Marist Brothers Catholic order hid abuse by member who helped run Chicago school in the 1970s, suits say

After Brother Robert Ryan died in 2017, a relative posted an online tribute, calling him “the favorite uncle” who “lived a giving life” and “selflessly” served God.

Two lawsuits paint a different picture of Ryan, one that’s become public only after his death at 83. They accuse him of having molested children over a yearslong span in which he was a member of the Marist Brothers Catholic religious order.

One of the lawsuits says victims of the abuse included students attending Marist High School on the Far Southwest Side in the 1970s.

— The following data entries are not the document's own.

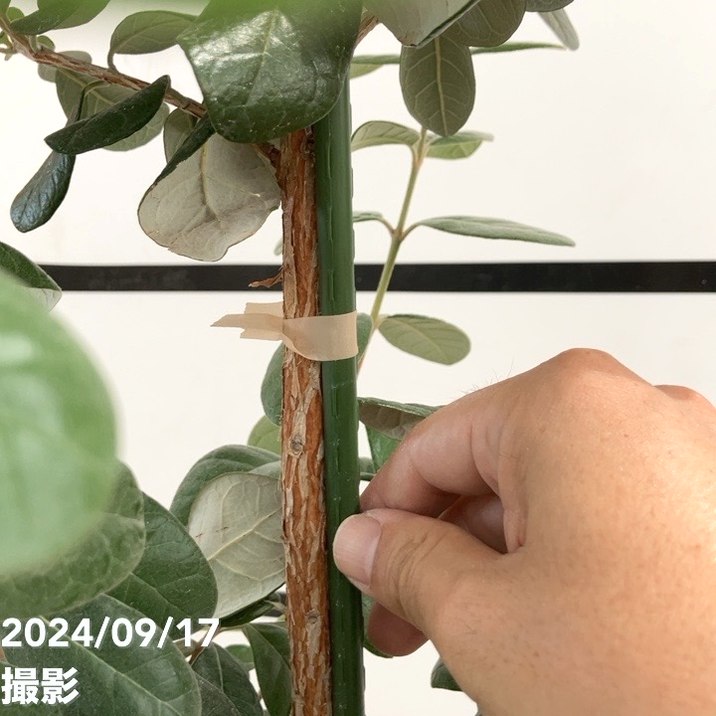 フェイジョア マンモス 8号ポット｜SG（代引き不可）｜果樹10-TU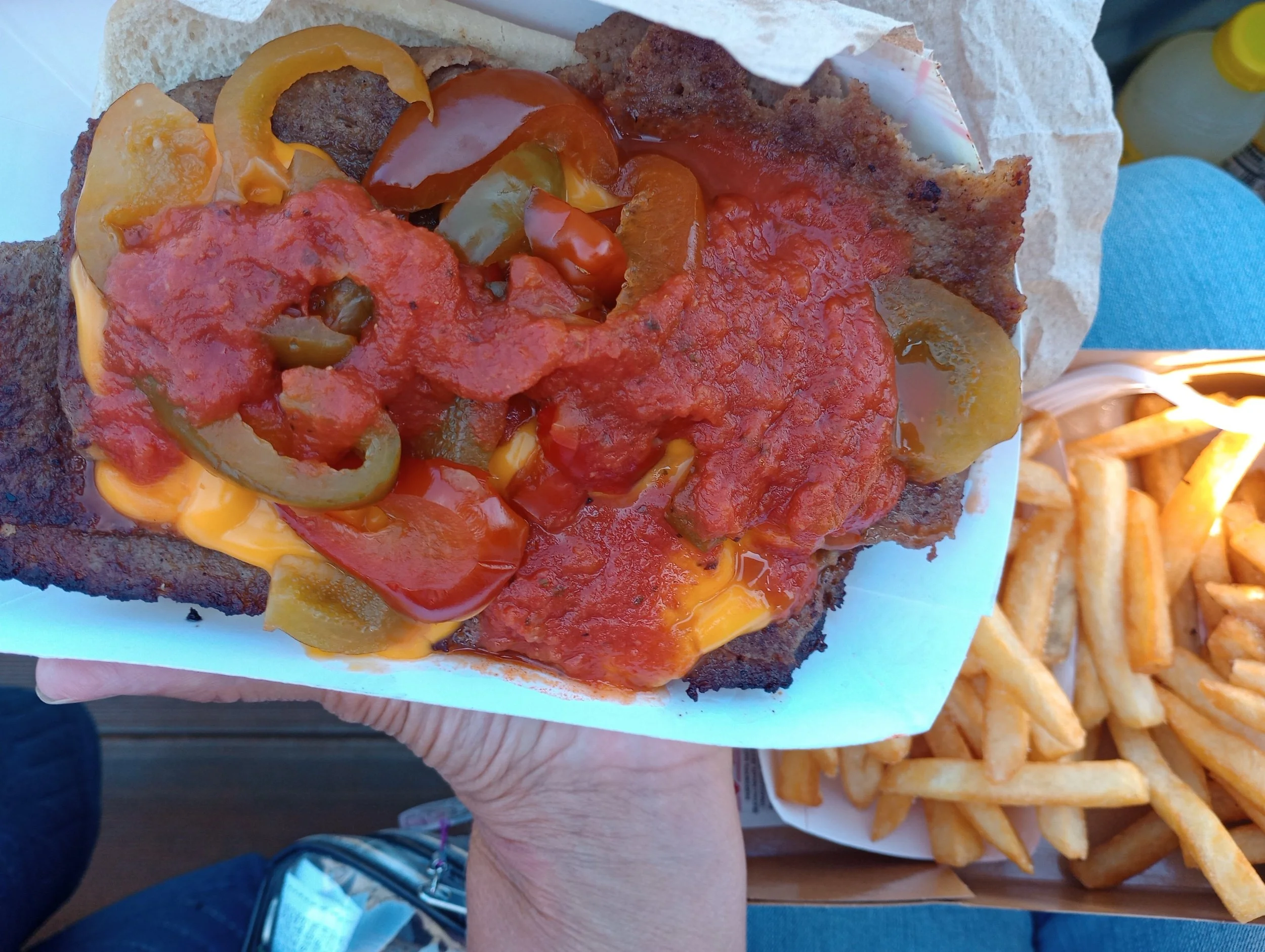Cheesesteak and fries at BAPS Motor Speedway  York Haven, PA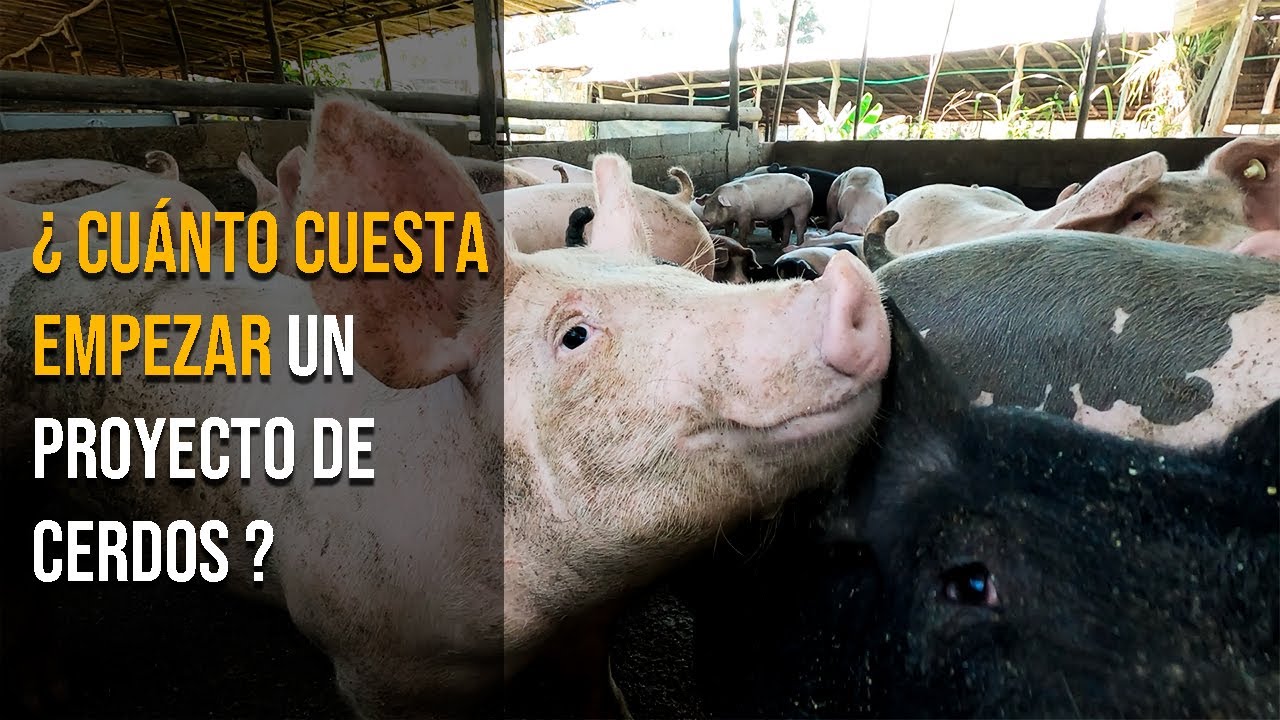 COMO EMPEZAR A CRIAR CERDOS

At Marist, Ryan’s “sexual abuse of minor boys worsened in both frequency and intensity . . . and he began to engage in more violent conduct, such as anal rape and sodomy,” according to the lawsuit.

Beyond describing what it says was the emotional and physical damage caused by Ryan, the suit accuses his order of covering up for him for years. It says the Marist Brothers were aware of allegations against Ryan and dealt with them by transferring him from coast to coast, in addition to placing him in Chicago, rather than removing him from ministry. The order also failed to report the sexual abuse allegations against Ryan to the police or to inform parents, according to the suit.

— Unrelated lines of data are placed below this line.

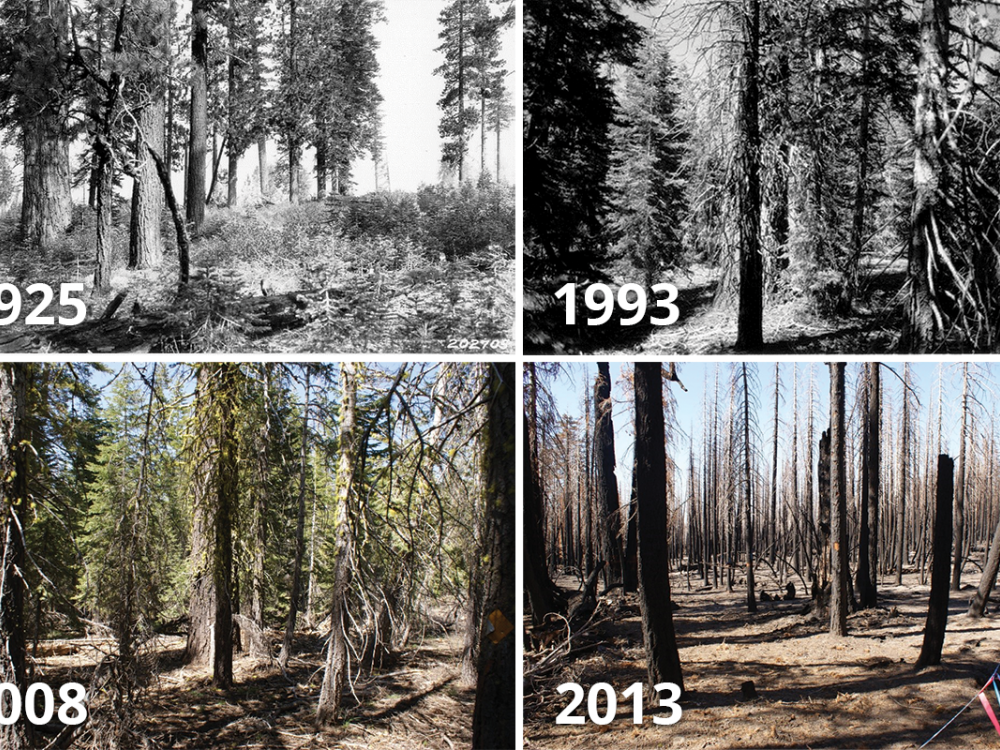 Repeat photographs of a wooded area from 1925, 1993, 2008 and 2013 showing how the forest grew denser and then burned in the Reading Fire in 2012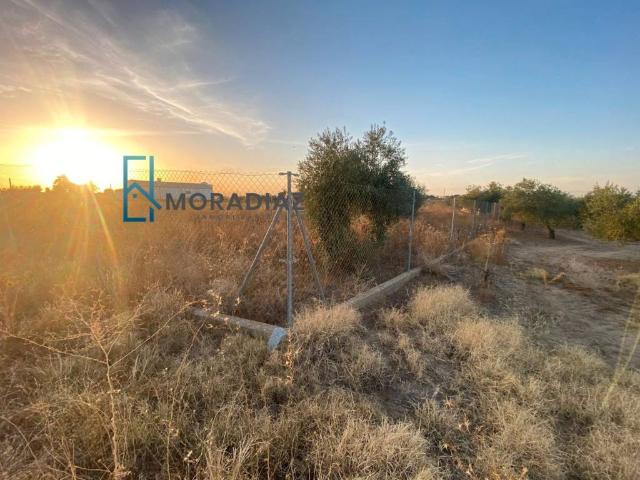 Terreno en venta en Don Benito, Extremadura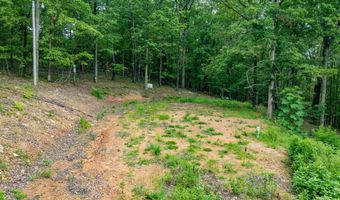 100 Block SPANISH MINE, Jessieville, AR 71909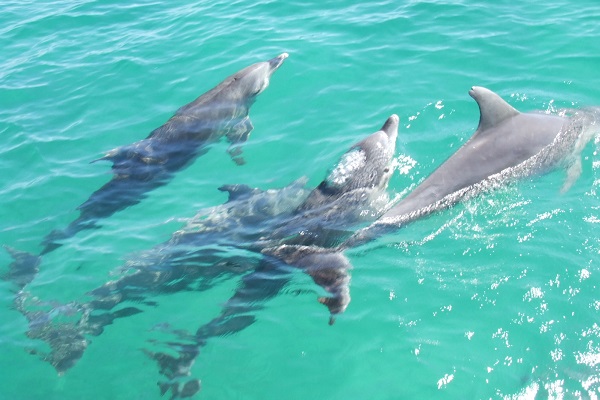 NSW Government bans dolphin breeding and importation of marine mammals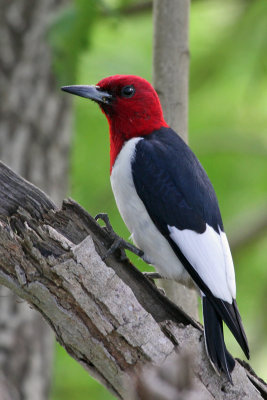 IMG_1085b Red-headed Woodpecker.jpg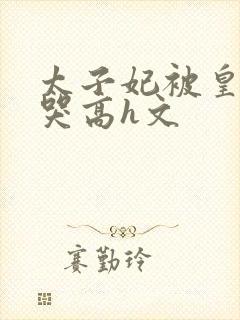 太子妃被皇上c哭高h文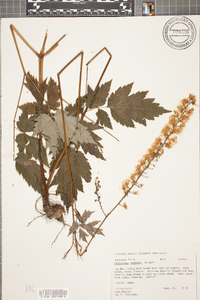 Actaea racemosa image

Most Catholic dioceses and many independently run Catholic religious orders now inform their church communities and the public about what they deem to be credible allegations of abuse of minors by their priests, deacons and brothers.

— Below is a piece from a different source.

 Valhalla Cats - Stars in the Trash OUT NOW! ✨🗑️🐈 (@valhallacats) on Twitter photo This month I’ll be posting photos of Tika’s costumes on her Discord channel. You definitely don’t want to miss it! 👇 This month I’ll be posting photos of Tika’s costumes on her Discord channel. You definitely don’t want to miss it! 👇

But the Marist Brothers, who have a hub in Chicago, do not. So, unlike, for instance, the Catholic Archdiocese of Chicago, the order does not post a public list of its members in Chicago and elsewhere who have been credibly accused of sexual abuse.

There has been growing pressure from inside and outside the church — including a public call by Chicago Cardinal Blase Cupich as well as private pressure — for orders to come clean about clergy sexual abuse, in part because that’s seen as a way to promote healing among victims.

That push comes in the face of the ongoing scandal regarding clergy sexual abuse in the United States that first exploded into public view in the 1980s. It has led many dioceses and religious orders to post lists of their abusive clergy and their past assignments.

But some orders in addition to the Marist Brothers have not heeded those calls. In a series of reports, the Chicago Sun-Times has detailed how other male Catholic religious orders that operate in and around Chicago also have tried to keep a lid on sexual abuse by their clerics. They include:

 The Dominicans, who operate Fenwick High School in Oak Park.

 The Augustinians, who run Providence Catholic High School in New Lenox.

 And the Passionists, who for decades served Immaculate Conception parish on the Far Northwest Side and ran the church school — including a period in which the pastor there had been accused of being a serial child molester.